微笑みの色
大学生のときに参加していたミニコミ誌に書いたエッセイの一つに、口紅の話があった。
デパートの化粧品売り場へ、新色の口紅を見にいった。
ウインドウに近づくと、自分の顔が映った。
唇を微笑みの形にして、そこを離れた。
昔のわたしは慎みふかかったものだ。
口紅の新しい色より、微笑みのほうに価値があることを知っていた。
こどもたちが二人とも小学生になったころから、わたしはメイクに凝りはじめた。
それまでの10年間は、育児という大仕事でいっぱいいっぱいで、自分の女性らしさを顧みることがなかった。
下の子が生まれてしばらくして、疲れて落ち込んでしまい、産科の医師に相談したら、もっと綺麗な服を着て、お洒落を楽しんでごらんなさいと助言された。
そのとき着ていたのはトレーナー。
好きだったDCブランドのもので、お洒落をしていないつもりはなかったのだけれど、先生から見たらくたびれた感じだったのだろう。

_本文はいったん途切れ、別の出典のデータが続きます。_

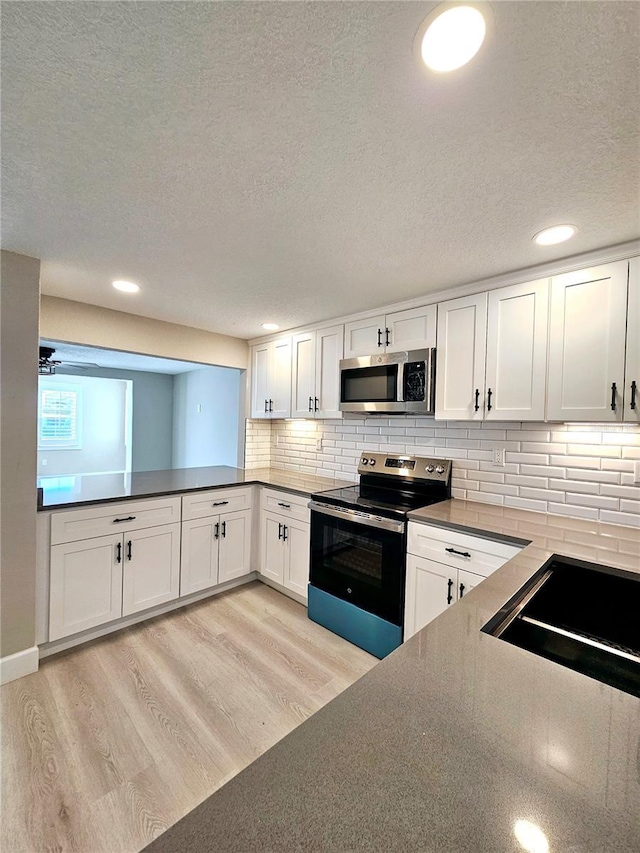 13633 Britton Dr, Hudson, FL 34667 - kitchen with a sink, white cabinetry, light wood finished floors, stainless steel appliances, and backsplash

それでも、育児のただなかでは、お洒落も、メイクもしている余裕はないし、こどもたちと肌で接しているから、ファンデーションや口紅が口に入ってはいけない、などと気にしてもいたのだ。
そこから一気にメイクマニアに。
13年前のことだ。
持てる情熱のすべてをかけて、といってもいいほど、メイクとスキンケアに打ち込んだ。
自分のなかの「女性」が彷徨していたともいえる。
「男性」との関係において、もっと掘り下げると「父親」との関係において、自分の価値がわからなくなっていた。
そういう影の部分はともかくとして、メイクやスキンケアは理屈ぬきに楽しくもあった。
年齢はかさんでいくが、綺麗になるということにタイムリミットはない。
手を掛ければ掛けただけ「清潔」という意味でも綺麗になれるものだ。
なかでも焦点は、やはり口紅だった。
肌と唇が互いに映えて、生命感のある色を求めた。
できれば淡いピンクか透明感のあるローズで、女性らしいかわいらしさを加えたかった。
しかし、決め手だけに難しい。
口紅は回転の早いものでもあるから、イメージ通りの色を探そうにも目まぐるしい。
やっきにならず、いつも少し似合わない色をつけてそのこと自体を楽しもうかとも思った。
その矢先。
「DREAM」という名前の口紅を知った。
コーラル系のベージュで艶がある。
美容部員さんの見立てがうまく、肌色との明度の差が望み通りだった。
自分がずっとピンクで表したかったものが、ベージュで表現できている。
そして、なによりも、微笑みに似合っていた。
少しして、チークも彼女に頼んで厳密に選んでもらった。
これもベージュで、ただ、なかに澄んだローズが忍ばせてあるのだとか。
「DREAM」と優しく調和する。
これ以上もう、なにも足さなくてもいい。
そう思える。
13年間、自分に見つけたかったのは、この表情だ。
飾らなくていい、際立たなくてもいい。
ただ、心を映して微笑んでいたい。